● **What the task asks**
Go through the data and report each line that holds the string "особи".

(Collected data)

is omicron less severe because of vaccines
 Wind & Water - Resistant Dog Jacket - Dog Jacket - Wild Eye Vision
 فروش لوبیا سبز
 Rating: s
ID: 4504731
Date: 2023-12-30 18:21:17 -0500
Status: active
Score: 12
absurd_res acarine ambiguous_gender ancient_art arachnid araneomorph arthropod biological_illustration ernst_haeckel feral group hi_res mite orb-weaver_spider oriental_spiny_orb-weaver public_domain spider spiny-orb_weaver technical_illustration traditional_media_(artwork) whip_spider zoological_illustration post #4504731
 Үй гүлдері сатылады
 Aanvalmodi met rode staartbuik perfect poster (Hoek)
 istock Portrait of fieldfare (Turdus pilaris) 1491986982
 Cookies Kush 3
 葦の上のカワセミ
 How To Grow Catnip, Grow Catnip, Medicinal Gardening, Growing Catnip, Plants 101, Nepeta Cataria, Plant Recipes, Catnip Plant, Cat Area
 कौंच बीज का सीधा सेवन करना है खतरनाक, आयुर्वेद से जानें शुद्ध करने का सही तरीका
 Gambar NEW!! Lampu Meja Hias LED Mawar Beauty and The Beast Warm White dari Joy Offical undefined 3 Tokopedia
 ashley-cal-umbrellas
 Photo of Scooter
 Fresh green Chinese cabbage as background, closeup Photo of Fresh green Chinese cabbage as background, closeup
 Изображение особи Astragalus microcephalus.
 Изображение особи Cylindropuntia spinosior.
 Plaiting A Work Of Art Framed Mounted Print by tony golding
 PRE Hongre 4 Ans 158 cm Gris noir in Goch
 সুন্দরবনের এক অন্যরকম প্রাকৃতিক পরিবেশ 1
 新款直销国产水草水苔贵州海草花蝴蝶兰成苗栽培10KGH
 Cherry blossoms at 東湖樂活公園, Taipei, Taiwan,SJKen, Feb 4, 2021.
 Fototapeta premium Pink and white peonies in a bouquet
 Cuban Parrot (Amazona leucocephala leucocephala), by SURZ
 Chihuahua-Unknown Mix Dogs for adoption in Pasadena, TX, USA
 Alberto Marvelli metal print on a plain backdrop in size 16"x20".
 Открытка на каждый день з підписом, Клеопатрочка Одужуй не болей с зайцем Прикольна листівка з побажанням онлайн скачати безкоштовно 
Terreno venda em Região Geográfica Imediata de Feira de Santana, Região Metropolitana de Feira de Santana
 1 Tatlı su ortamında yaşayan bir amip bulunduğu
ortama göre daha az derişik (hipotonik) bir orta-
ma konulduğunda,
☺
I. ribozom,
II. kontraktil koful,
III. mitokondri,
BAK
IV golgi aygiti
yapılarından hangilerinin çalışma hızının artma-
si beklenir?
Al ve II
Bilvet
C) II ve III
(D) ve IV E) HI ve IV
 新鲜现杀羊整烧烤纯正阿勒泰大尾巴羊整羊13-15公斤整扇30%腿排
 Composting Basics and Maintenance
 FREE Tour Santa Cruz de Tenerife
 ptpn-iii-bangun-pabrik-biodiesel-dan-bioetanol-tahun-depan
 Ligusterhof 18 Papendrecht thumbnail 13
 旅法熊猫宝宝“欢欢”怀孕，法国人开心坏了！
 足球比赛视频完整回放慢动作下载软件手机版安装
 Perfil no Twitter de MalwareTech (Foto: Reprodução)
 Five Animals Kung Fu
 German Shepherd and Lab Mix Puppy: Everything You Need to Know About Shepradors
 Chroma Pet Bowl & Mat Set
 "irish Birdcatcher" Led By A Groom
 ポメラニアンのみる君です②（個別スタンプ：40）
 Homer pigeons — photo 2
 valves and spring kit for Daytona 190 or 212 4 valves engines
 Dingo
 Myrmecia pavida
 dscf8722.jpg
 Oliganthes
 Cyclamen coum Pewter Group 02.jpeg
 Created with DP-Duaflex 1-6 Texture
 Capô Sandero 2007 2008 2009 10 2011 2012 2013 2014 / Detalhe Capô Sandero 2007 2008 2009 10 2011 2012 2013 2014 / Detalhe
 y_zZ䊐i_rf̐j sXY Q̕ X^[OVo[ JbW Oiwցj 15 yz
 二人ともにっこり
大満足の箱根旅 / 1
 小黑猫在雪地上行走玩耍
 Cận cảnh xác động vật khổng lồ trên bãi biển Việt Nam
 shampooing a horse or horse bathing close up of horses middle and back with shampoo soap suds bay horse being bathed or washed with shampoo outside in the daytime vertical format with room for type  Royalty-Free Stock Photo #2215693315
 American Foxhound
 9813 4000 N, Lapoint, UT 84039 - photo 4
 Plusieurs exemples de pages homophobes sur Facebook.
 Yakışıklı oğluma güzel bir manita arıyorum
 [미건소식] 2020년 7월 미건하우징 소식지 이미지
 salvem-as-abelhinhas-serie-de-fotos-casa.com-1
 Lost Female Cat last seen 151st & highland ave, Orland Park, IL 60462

● **Answer to this exercise**
 Изображение особи Astragalus microcephalus.
 Изображение особи Cylindropuntia spinosior.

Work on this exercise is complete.